ミスター・ビーンことコメディアンのローワン・アトキンソンは筋金入りのクルマ好き。マクラーレンF1、アストンマーティンV8ザガート、フォード・ファルコン・スプリント、BMW328、ランチアデルタHFインテグラーレ、ホンダNSXなどなどさまざまなタイプをコレクションする、いわゆる「エンスー」。

小学生の頃から実家の農場でモーリス・マイナーを乗り回していたそうで、大型トラックの免許も持っている。クルマ雑誌でエッセイや試乗記を執筆し、カーレースにも出場。ゆえに『Mr.ビーン』にもクルマは頻繁に登場する。

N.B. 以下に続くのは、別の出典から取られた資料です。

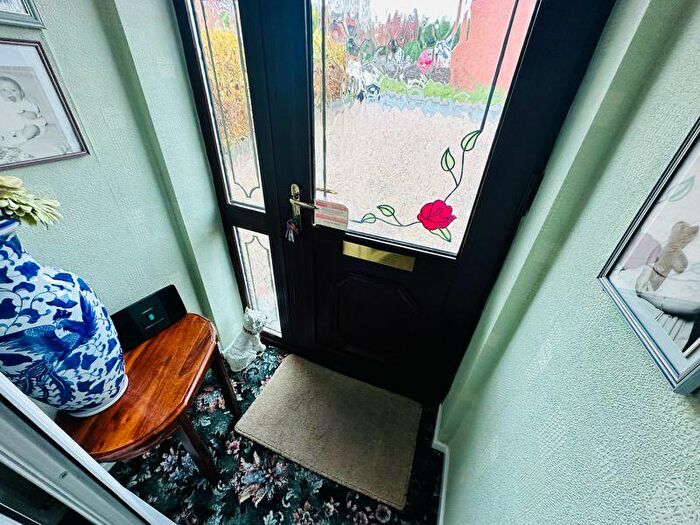 3 Bedroom Detached House For Sale In Aintree Way, Milking Bank, DY1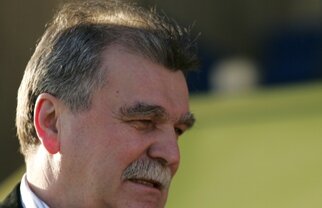 Dinu Gheorghe: "Avem probleme financiare, dar pînă la faliment e cale lungă"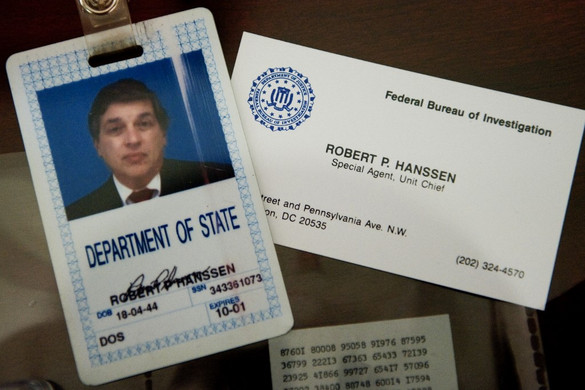 Meghalt a börtönben a Moszkvának kémkedő FBI-ügynök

「見た目はおっさん」だけど心は「永遠の9歳児」のミスター・ビーン。愛車はご存じ、イギリスの名車「ミニ」。テレビシリーズの2話目までは、オレンジ色のモーリス・ミニ(MKⅡ)だが、第3話からは黄色のボディに、ボンネットはつや消しの黒のブリティッシュ・レイランドのミニ(MKⅢ)が相棒に。

とにかくビーンは運転がうまい。クルマとクルマの間に数センチの隙間で駐車するスケッチではピタッと一発で決めるし、寝坊したビーンが寝間着のままミニに飛び乗り歯医者へ向かうスケッチでは、運転しながらシャツやズボンを穿き替え、歯磨きまでする。

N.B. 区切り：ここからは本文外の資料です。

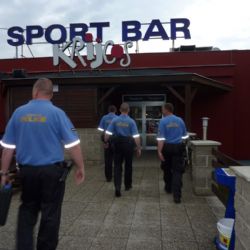 Strážníci v Plzni kontrolovali, jestli mladiství nepopíjí alkohol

極めつきは、大量のセール品をミニに詰め込むスケッチ。運転席に座れなくなりルーフに乗せたソファに座って運転する。ハンドルにヒモをくくりつけ、ギアは2速固定、アクセルとブレーキはモップ棒でつついて操作。こりゃさすがにスタントだろうと思っていたが、数年前に行われたミニのイベントでアトキンソンは実演走行してみせた。え、マジだったの⁉ 

ところで、ビーンにしょっちゅうバカにされるクルマをご存じだろうか。ビーンのミニにぶつけられたりひっくり返されたりする水色の三輪自動車。1930年代から72年までイギリスで作られていたリライアント・リーガルである。

そういえば、アトキンソンは97年に約9,500万円でマクラーレンを購入したが、2015年に約15億円(!)で売却している。どっかのセレブがロクに乗りもせず高級車を売買しているが、アトキンソンは2回クラッシュさせ、修理に1億数千万円かけるほど愛し抜いたのだった。